Gracias a la luna llena no necesité antorchas
ni velas. para llegar a su cabaña
Me recibió sentado sobre la gran roca de
granito negra que se levantaba al oeste. El cielo debía de parecerle
misterioso, fantástico. Hasta pasados unos minutos, que me parecieron siglos,
no se percató de mi presencia. Me recibió el ladrido de sus perros. Cuando se
dio cuenta empezó a hablar como si le faltara el tiempo.
Entonces me enteré de que
el pastor todos los segundos jueves de cada mes, que en su nombre tenía la
letra “r”, se subía a aquella roca de granito, que según los antiguos separa
los dos mundos, para encontrarse con él, que sólo se aparecía el día de la
primera luna llena de los meses que llevan su nombre la letra “r”. Ese era el primero de los secretos que Tathamet, el dragón del Diablo, le reveló, pero no el más importante y que había guardado
celosamente, hasta aquella noche.
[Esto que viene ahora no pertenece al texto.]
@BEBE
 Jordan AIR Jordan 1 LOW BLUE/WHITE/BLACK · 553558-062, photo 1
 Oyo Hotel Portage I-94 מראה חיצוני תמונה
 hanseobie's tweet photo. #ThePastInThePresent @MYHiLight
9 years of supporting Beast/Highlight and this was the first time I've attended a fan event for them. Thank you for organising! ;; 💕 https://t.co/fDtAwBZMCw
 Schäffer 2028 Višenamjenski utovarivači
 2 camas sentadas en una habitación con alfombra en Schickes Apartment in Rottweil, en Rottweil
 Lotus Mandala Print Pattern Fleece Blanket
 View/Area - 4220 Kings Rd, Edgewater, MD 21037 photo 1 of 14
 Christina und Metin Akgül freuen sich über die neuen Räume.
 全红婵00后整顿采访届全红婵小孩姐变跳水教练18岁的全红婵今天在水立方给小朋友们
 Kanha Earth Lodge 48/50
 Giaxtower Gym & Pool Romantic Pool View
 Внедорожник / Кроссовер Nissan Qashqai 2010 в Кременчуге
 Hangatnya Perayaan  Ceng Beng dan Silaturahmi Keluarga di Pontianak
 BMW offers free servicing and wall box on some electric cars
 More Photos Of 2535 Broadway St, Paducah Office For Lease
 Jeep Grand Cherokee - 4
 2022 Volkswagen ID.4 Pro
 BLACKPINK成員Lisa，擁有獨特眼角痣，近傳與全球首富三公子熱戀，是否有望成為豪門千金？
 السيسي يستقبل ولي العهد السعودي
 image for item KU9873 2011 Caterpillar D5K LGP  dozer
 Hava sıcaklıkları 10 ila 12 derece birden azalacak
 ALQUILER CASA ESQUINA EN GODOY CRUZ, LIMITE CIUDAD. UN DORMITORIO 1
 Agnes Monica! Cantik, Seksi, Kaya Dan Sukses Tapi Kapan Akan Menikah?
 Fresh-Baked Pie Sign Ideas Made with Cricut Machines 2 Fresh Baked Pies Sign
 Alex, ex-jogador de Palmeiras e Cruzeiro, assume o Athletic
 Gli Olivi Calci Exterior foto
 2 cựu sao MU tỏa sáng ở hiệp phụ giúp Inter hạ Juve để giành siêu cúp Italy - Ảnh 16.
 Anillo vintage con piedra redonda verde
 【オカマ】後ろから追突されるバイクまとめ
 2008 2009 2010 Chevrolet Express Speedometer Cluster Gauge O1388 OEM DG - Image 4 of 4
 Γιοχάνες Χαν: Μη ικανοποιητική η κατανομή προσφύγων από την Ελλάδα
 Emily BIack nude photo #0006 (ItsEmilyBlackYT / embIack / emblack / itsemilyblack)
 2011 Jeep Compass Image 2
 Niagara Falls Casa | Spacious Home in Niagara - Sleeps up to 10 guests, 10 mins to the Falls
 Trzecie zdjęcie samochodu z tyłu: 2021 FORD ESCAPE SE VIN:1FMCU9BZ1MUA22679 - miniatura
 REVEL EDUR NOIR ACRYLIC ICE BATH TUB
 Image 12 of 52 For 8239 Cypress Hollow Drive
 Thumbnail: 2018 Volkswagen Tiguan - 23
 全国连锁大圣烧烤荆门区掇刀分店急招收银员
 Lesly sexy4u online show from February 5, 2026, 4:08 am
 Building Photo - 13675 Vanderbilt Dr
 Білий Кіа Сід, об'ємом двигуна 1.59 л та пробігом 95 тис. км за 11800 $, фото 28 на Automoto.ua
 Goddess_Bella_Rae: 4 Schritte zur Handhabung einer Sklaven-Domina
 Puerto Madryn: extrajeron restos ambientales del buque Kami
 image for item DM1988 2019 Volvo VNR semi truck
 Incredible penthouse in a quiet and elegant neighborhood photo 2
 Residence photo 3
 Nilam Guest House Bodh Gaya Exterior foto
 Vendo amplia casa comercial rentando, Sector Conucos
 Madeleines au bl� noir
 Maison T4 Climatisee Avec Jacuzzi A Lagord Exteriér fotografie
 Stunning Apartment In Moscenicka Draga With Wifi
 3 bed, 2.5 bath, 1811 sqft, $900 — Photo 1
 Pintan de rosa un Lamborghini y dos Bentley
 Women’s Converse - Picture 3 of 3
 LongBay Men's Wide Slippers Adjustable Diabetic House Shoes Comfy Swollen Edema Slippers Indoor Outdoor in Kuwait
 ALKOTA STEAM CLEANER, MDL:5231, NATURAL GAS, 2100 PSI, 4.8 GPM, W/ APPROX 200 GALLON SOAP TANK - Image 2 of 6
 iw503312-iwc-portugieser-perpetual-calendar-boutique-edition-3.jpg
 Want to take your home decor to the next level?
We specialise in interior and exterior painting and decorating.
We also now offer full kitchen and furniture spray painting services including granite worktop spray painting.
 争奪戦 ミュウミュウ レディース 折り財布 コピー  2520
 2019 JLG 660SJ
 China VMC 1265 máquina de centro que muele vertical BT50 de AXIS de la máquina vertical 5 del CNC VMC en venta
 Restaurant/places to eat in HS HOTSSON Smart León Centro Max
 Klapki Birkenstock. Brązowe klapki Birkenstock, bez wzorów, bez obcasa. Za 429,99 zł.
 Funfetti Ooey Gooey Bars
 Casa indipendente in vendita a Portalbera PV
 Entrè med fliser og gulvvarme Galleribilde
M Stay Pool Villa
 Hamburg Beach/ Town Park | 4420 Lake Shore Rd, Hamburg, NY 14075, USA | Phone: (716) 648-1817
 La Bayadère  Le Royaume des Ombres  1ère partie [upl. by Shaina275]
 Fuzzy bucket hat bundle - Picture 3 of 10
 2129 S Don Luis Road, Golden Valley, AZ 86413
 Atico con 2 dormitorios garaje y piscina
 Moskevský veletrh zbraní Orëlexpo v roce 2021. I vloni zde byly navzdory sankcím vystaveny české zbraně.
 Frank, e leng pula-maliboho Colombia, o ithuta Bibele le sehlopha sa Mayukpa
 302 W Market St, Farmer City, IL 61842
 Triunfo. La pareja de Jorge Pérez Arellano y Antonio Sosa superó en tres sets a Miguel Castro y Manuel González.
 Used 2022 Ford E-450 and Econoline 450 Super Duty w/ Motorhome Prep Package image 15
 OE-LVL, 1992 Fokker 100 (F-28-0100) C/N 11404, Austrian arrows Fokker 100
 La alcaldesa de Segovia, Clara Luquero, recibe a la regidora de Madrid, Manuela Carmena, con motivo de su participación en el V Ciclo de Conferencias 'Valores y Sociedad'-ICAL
Necesitaba hablar, contarme que aquel
misterioso animal al que todos consideraban el guardián de los enigmas, le
había concedido el deseo de vivir hasta el día en el que repartiera algo suyo,
por liviano que fuera, con cualquiera de sus tres hermanas. Desde aquel día
decidió vivir solo, para evitar cualquier tentación.
Tuvo que asumir que nunca
necesitaría nada de ellas y ellas tampoco le necesitarían a él. Fue como si las
hubiera matado y aquella culpa le había torturado durante todos los años de
aquella larga vida, hasta aquella noche en la que había vuelto a ver a
Tathamet; por eso silbó con tanta insistencia aquella noche.